# When is best time to buy crossbow?



## shootemall (Jul 30, 2017)

I'm thinking of buying a crossbow for my nine year old. He's killed two deer with a rifle, but likes hang out with me while i hunt with my compound. Looking at Barnett raptor fx3. I want something he can handle now, yet carry as he gets older. Seems like there are a lot of sales just before the season starts, does anybody know where the deals have been found in past years? Also, if anybody has any suggestions on other crossbows to look at, I'm still open to other options. Thanks in advance.


----------



## The Fever (Jul 30, 2017)

I'd go get the $200 special from Walmart by Barnett. Soon he will want a real bow and that will cost you


----------



## BowanaLee (Jul 30, 2017)

I got the Barnett raptor fx3 pro and wasn't satisfied with it. Could've been just a lemon though ? It stacked field points but wouldn't group broadheads. Traded for a ghost 360. Its a 100 yd broadhead slinging monster. 
My take on it is, you can't tune xbows like a compound.
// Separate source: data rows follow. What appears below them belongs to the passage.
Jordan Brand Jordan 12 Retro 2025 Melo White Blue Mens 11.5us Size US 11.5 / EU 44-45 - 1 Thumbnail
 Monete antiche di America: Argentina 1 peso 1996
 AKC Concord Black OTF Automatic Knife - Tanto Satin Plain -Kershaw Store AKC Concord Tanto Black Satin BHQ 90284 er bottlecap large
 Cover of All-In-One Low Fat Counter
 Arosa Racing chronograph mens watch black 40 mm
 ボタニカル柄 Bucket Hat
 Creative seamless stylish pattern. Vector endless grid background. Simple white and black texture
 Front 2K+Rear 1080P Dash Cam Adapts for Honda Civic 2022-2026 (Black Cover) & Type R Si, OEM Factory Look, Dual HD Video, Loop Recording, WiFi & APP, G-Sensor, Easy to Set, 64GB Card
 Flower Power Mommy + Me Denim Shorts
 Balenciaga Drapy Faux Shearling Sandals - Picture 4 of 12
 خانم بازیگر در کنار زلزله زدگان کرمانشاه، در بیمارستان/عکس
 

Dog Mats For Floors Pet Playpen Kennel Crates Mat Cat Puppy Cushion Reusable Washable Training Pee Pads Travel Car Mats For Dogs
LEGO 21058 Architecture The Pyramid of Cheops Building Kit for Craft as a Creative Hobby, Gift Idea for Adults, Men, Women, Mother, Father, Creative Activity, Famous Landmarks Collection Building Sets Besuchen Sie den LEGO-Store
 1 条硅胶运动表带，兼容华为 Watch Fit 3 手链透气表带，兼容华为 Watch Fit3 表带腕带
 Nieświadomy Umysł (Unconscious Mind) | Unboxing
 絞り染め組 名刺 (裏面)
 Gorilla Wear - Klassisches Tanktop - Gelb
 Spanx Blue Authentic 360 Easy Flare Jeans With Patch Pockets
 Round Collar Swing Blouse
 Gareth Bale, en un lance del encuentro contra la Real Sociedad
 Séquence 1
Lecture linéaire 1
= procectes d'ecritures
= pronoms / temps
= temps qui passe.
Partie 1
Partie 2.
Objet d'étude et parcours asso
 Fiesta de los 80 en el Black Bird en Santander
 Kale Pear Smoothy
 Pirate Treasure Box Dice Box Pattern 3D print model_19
The bolts better be coming out straight or broadheads will not group.  Buy it from a store that takes returns. Immediately try broadheads when you get it home. 
Get it now so he'll have time to get familiar with it. Crossbows are dangerous to fingers.
.


----------



## DouglasB. (Jul 30, 2017)

BowanaLee said:


> Crossbows are dangerous to fingers.
> .



This X 1,000.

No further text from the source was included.